The Model Context Protocol (MCP), introduced by Anthropic, is emerging as a key standard for integrating tools and resources into LLM-driven applications. Much like USB for hardware, MCP allows language models to connect seamlessly with external components.

Following a client-server architecture, MCP enables communication and control across systems. This blog outlines MCP's architecture, explores security considerations, and shares practical security testing insights.
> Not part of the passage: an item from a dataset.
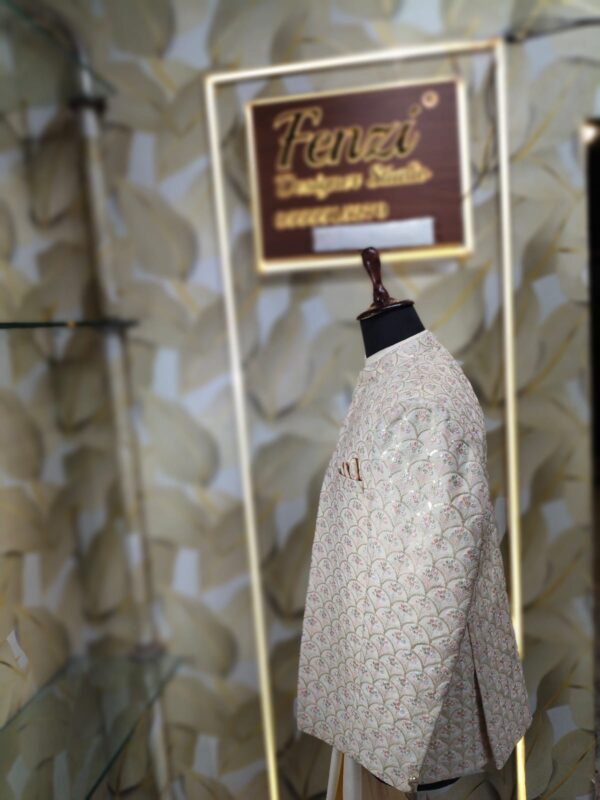 “Elegance Reimagined — Step into timeless sophistication with our Ivory Embroidered Jodhpuri Suit, crafted for men who appreciate heritage, luxury, and a distinct royal aura.”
MCP Architecture Components

MCP is structured around three core components:

The protocol primarily operates with three types of data:

Tools (model-controlled): Functions the model actively invokes to perform tasks — e.g., search, send message, update database.

Resources (app-controlled): Read-only data the model can access — e.g., files, DB records, API responses. No side effects.

Prompts (user-controlled): Predefined templates that guide how the model uses tools and resources — selected before inference.

Architecture Overview:

MCP Host (UI)
    → MCP Client
        → MCP Server
            → (Local/External Resources, Tools)

This modularity supports flexibility, but also expands the attack surface.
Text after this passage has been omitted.